Big Big Train – Victoria Theatre, Halifax
Date: 29th October 2019
Their newest album, Grand Tour, was PROG magazine’s album of the year. After playing the occasional one-off gig and event, they’re finally on tour and heading to the provinces. They have ex-Spock’s Beard man Nick D’Virgilio on drums. They are one of Prog Rock’s great hopes and they’re in Halifax. After listening to them for years, we had to join their dedicated fanbase, the Passengers (geddit?) and go see Big Big Train.
For a band steeped in tradition, storytellers with a penchant for capturing a combination of cinematic and intimate scope in song, the Victoria Theatre is a perfect venue. For many, it was the first chance to catch up with a band and see how they reproduce their intricately arranged recorded and highly acclaimed recorded work in the live setting. There’s no expense spared with the full eight-piece band supplemented by a five-piece brass section decked out in flat caps and a backdrop where visuals rotated on a regular basis. Amongst the many pre-show visuals, a request to keep the phones down and should anyone want a souvenir of the night, they could have visited possibly the best-stocked merch emporium you’ll find these days and having since visited the Marillion tour which usually offers a wallet-busting selection, BBT’s stall wins handsomely.

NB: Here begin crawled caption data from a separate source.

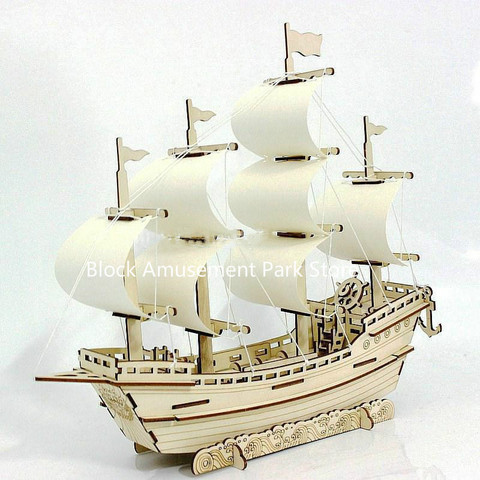 3D bateau en bois Puzzle jouets apprentissage bâtiment Robot modèle bricolage bateau à voile avion Puzzle avion cadeau enfants voiture jouet pour les enfants ► Photo 1/1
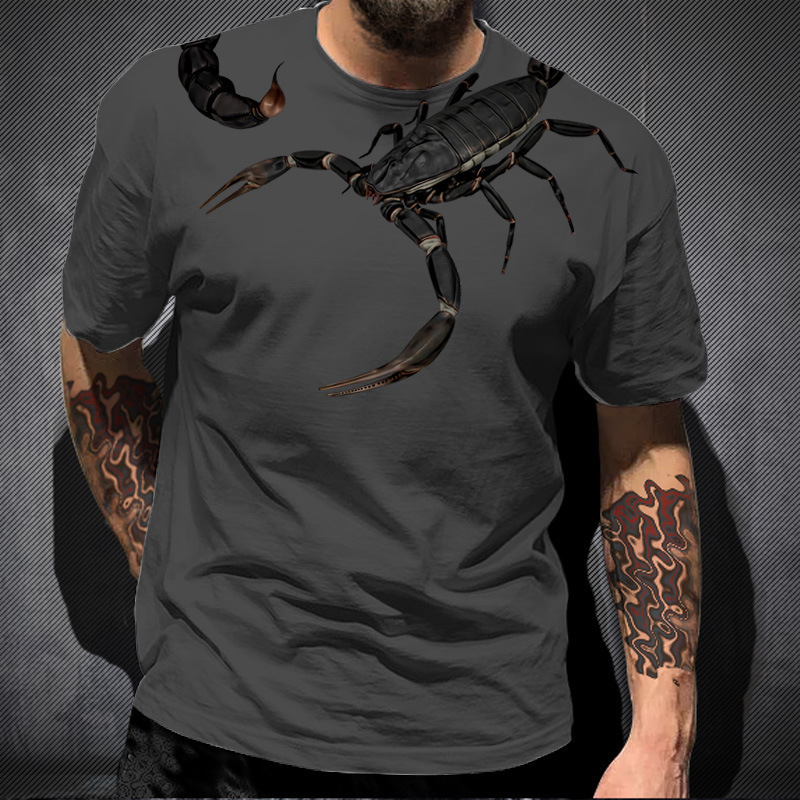Summer New European and American Fashion Street Men's T-Shirt 3D Digital Printing Short-Sleeved Personality Scorpion Print T-Shirt Men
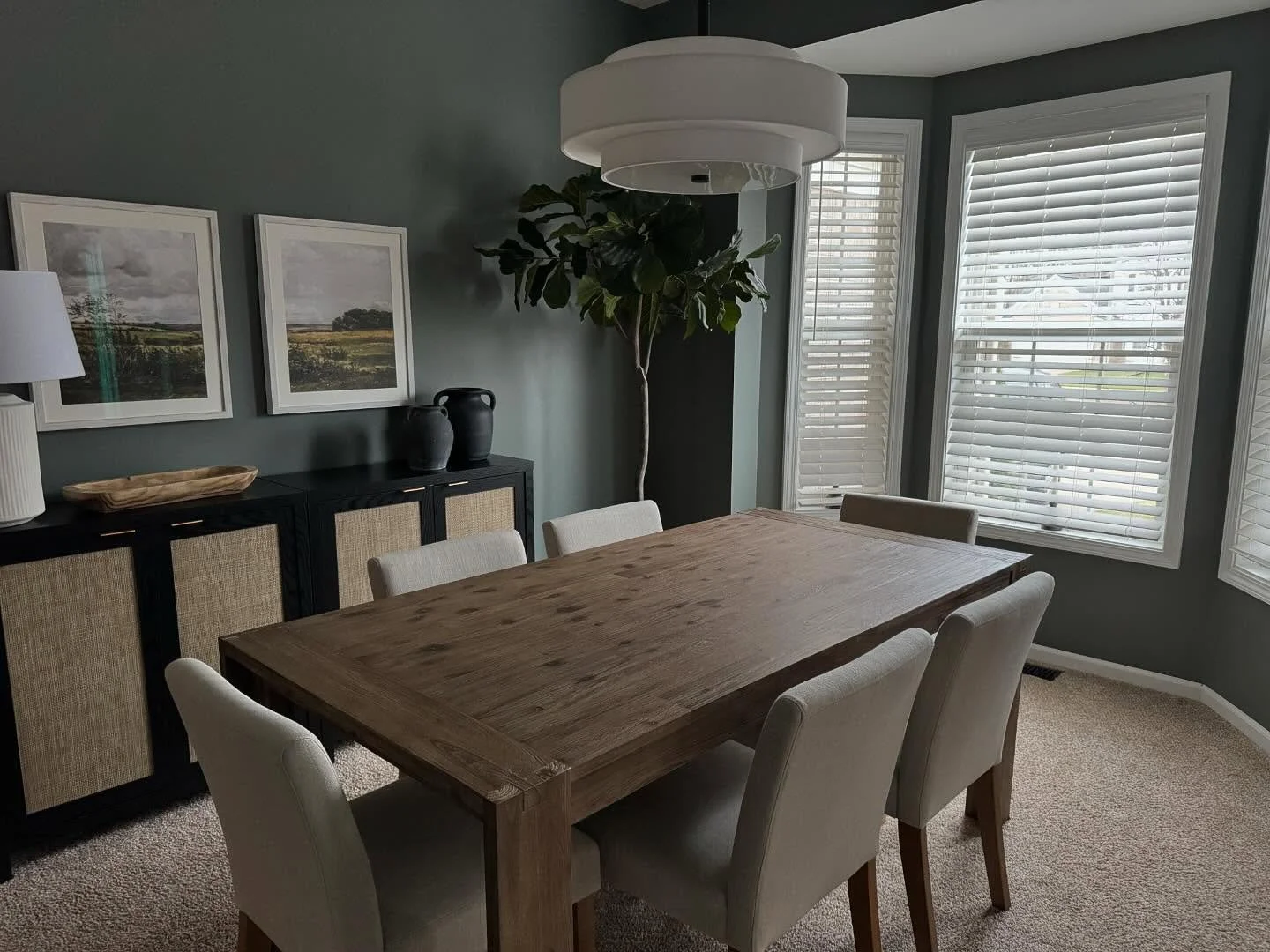 One of my favorite before and afters to date. A moody, farmhouse-inspired dining space with a hardworking office nook 💚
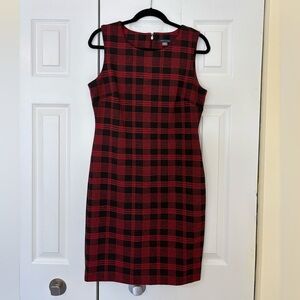 Tommy Hilfiger Red Black Plaid Dress Size 10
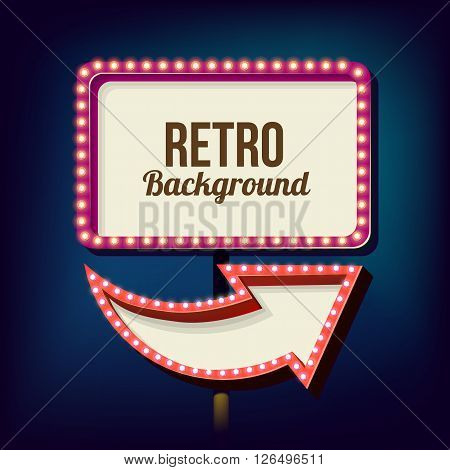 Retro night sign with an arrow. Vintage volumetric banner. Outdoor advertising. Realistic character to your text. Design ellement for your advertising banner. illustration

Such is the appeal of this Grand tour (after the album of the same name) that we also had some musical celebs in the crowd: Peter Jones of Camel and TigerMoth Tales and Panic Room’s Dave Foster (also at the Marillion gig in Liverpool later in the week) were potted in the crowd.
And we’re happy to report that onstage, Big Big Train are as convincing as they are on record. Inevitably vocalist David Longdon dominates in the visual department although flanked by an impressive array of musical colleagues. It’s good to see Rikard Sjoblom in gainful employment after winding down Beardfish as well as the smartest drummer in town, Nick D’Virgilio also contributing his vocal talents particularly stepping up on The Florentine which has one of those folky acoustic Spock’s style opening that suits him well.
A set based around the Grand tour album and dotted with choice selections from the catalogue saw an impressive opening pairing of the lively Alive and Hedgerow, the latter showcasing some sparkling harmonies with Rachel Hall stepping across and sharing a vocal spotlight. They’re an all-encompassing collection, with the writing talents of Greg Spawton on music like the grand Voyager – one of the big numbers in the set along with Brave Captain and Winkie – highlighting how the band are a genuine greater than the sum of their gifted parts.
And when he’s not on flute or casting his lyrical spells with a commitment and passion see Longdon is delivering Homesong with a Union Jack mug in his hand and giving us a moment to appreciate an evening refreshingly without any sort of political agenda or commentary.
The set-closing Wassail is a bit of Gabriel-esque Sledgehammer funk for our times and what genuine prog rock evening would be complete without ending on one of your signature numbers. The lengthy East Coast Racer another modern folk tale that completes an impressive ‘flying aces, trains and pigeons’ collection.
Ultimately, the Grand Tour has catapulted Big Big Train into a new dimension. Seeing the reaction of audience and band to the thrill of BBT onstage simply results in a feeling that we must do this again.